* [What you are asked to do]
Output the lines of the records exactly, from the first through the one containing "Fridge, microwave, stovetop, coffee/tea". Omit all pictures.

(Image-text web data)
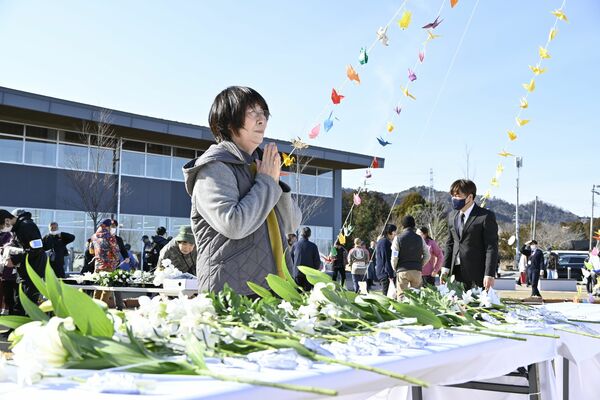 東日本大震災後、初めて「３月11日」を古里で迎えた武内さん。追悼行事で手を合わせた＝11日午後３時、福島県大熊町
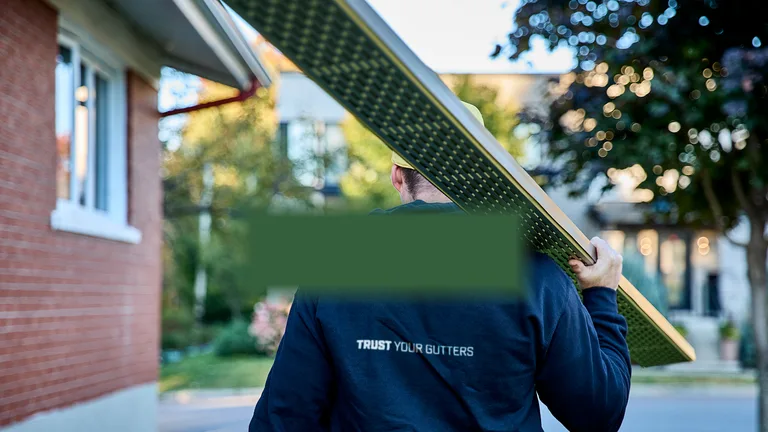Technician carrying a perforated Alu-Rex gutter guard to a residential job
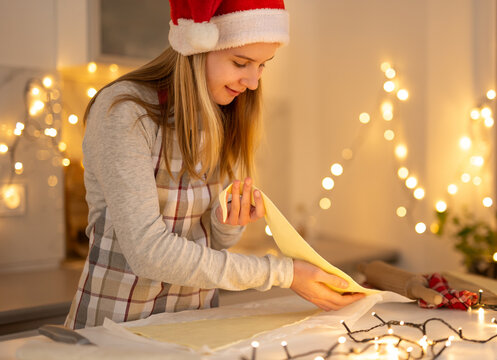 Teen Girl In A Santa Hat Making Christmas Cookies In The Kitchen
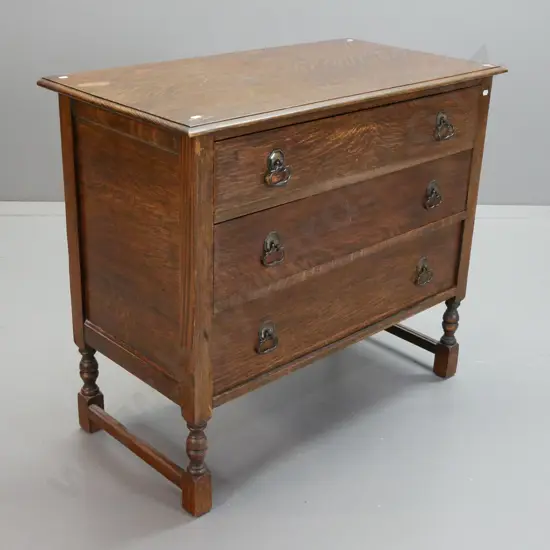 vintage oak chest of 3 drawers with metal drop handles, panelled plywood sides, stretcher base. Holes in top from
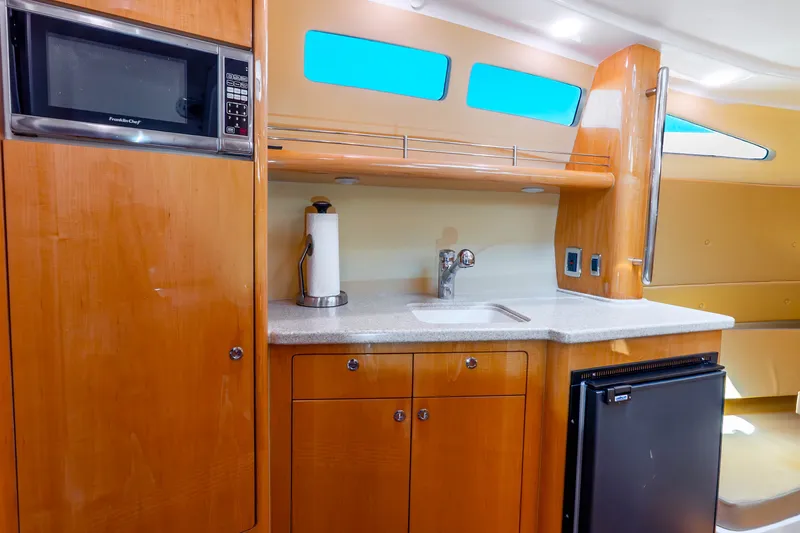 Slide: The Image of 2015 Intrepid 475 Panacea yacht kitchen with microwave, sink, and mini fridge. - 15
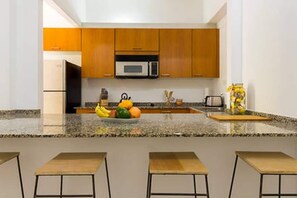 Fridge, microwave, stovetop, coffee/tea maker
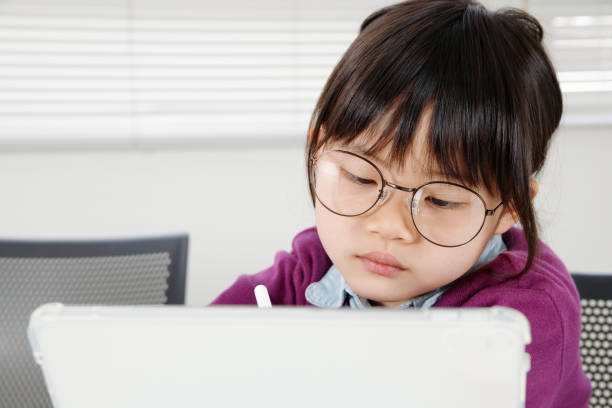 An elementary school girl with glasses operating a tablet and studying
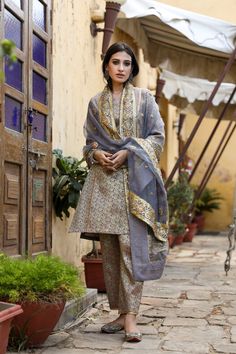 The set consists of straight cut handwork printed kurta with gota detailing, 3/4th sleeves, round neck, knee length teamed with printed trouser and a dupatta with border. Suit Fabric-Georgette Dupatta Fabric-Organza Kurta length - 40 in Pants length - 38 in Model is wearing size small. She is 5.8” tall. Washing Care-Dry Clean Organza Kurta, Grey Suit, Suit Fabric, Gray Suit, Suit Set, Straight Pants, Straight Cut, Kimono Top, Knee Length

* [Exercise answer]
 東日本大震災後、初めて「３月11日」を古里で迎えた武内さん。追悼行事で手を合わせた＝11日午後３時、福島県大熊町
Technician carrying a perforated Alu-Rex gutter guard to a residential job
 Teen Girl In A Santa Hat Making Christmas Cookies In The Kitchen
 vintage oak chest of 3 drawers with metal drop handles, panelled plywood sides, stretcher base. Holes in top from
 Slide: The Image of 2015 Intrepid 475 Panacea yacht kitchen with microwave, sink, and mini fridge. - 15
 Fridge, microwave, stovetop, coffee/tea maker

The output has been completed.